There are one or two disconcerting inconsistencies that could be attributed to a possible lack of writing experience on the part of the author. At Fisher Panel Beaters (p 69) the writer states that the manager gave Themba cold tools and it was cold on that day. We deduce from the previous pages (pp 66-8) that this cold was experienced on 13 February, suggesting a considerably hot season in the Eastern Cape, a time when temperatures are high even at night and cold is not a concern. Another example of an inconsistency is where the writer informs us that Bheki proposed marriage to Nomfundo when they were doing their final years at university (p 98). Yet the writer maintains that whilst Nomfundo was celebrating her success after passing her BA degree, Bheki was already a lawyer with an office of his own in Durban (p 98). We know that Bheki could not be logically said to have managed such a fast-tracked career in the domain of law in South Africa in the 1990s.
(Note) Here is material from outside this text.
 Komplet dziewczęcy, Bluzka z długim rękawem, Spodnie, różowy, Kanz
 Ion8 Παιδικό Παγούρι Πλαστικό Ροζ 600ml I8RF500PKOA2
The theme of domestic violence, which leads to collective communal trauma, is treated too light-heartedly and dismissed without much attention. Here again the novelist misses a good opportunity to captivate his reading audience. This, coupled with the fact that the writer fails to acknowledge the experience of both Themba and Bongani as itself a form of education, reflects a rather narrow-minded interpretation of the term education.

This novel represents a worthy attempt to stress the importance of education, but, viewed in the context of the present South African unemployment scenario, it fails to account for the absence of jobs even for university graduates. Themba, who scorns education and rejects his parents, loses his job and begins to feel bad about the way he has treated his father, but his misfortunes do not seem to be occurring as a direct result of his rejection of education nor do they appear as unique.

Sisusa does not appear to set a new standard for contemporary Xhosa novels. Generally, Xhosa novelists concentrate on elementary designs of realism and do not seem to spend sufficient time in creating and designing their fiction to fit the description of advanced word art. Sisusa’s novel possesses a linear plot like a short story, and is not enriched by any deep meaning because, in any event, it lacks deep structure.